Three Sheets to the Wind: Gaperon


Like most Parisian apartments, we do not have a dryer. Sure, we have an appliance, in our kitchen, called a washer/dryer, but the truth of the matter is that it will wash, and then spin our clothes to a state of not-sopping, but it does not actually dry. We have no outdoor clothesline, either, so this means that we hang our clothes on plastic racks to dry.

In general, our best spot for the racks is in the guest room/office, and I have recently realized that people on Skype can see it as it sits behind me. So now, when I know I'm about to have a video call, I generally check for bras and underwear and move them strategically to less prominent spots on the rack. Sheets require spreading out on furniture, or from rack to rack. There used to be a laundromat on the island, and Anthony had gone there for comforters, but now we actually have to off-island for this. I would rather hand wash every single item than go to a laundromat, even if there was one handy; for whatever reason, that has always been my most-detested errand. Therefore, I tend to smash them in the washer and air-dry, which makes for some mighty lumpy comforters. They're uncomforters.

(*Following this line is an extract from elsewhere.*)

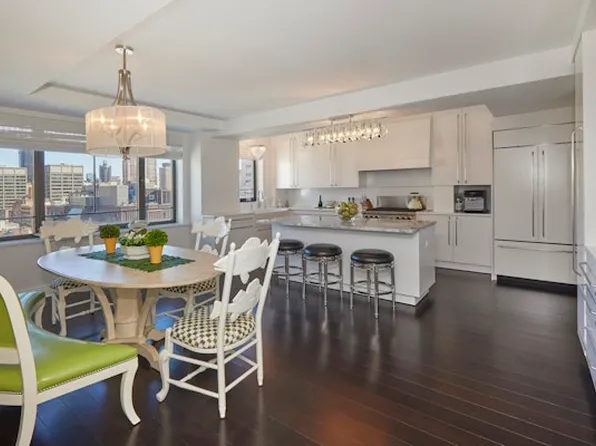 875 5th Avenue image 5 of 13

Not having a dryer saves on energy, and my neighbor in San Francisco often uses her clothesline, pointing out the environmental benefits. While I totally applaud and support this sort of green behavior, I have to admit that I vastly prefer my clothes and towels when they've been dried automatically. I've heard tell that some ex-pats here in Paris have been known to claim they miss their dryers more than their families, and it's true that this is among the top-five reasons Anthony misses our home in the US. I can't say I'm to that point, but let's just say that the alternate title for this blog post would have been "My Jeans Are Crunchy."


Yes, the crust is cracked and sort of electric-looking. Yes, the cheese itself is on the orange-y side. This is a particularly aged one, however, and I might have been better off with a younger version, since we find this a bit bitter. But all versions are smoky and rubbery, and there's a pepper kick in the cheese itself (pepper and garlic, in fact). It's the crust that's the real buzz kill on this particular cheese, however, even though I'm normally a huge cheese crust fan. This crust is chalky and hard to swallow, in the literal sense.

Gaperon, which comes from the Auvergne region, is made partially from buttermilk, and can therefore be low-fat, though it can also be made from whole milk -- cow's, raw or pasteurized. On the positive side, I like that it looks so unique.


This cheese and our laundry in Paris: both crunchy and vaguely unpleasant, though not unbearable.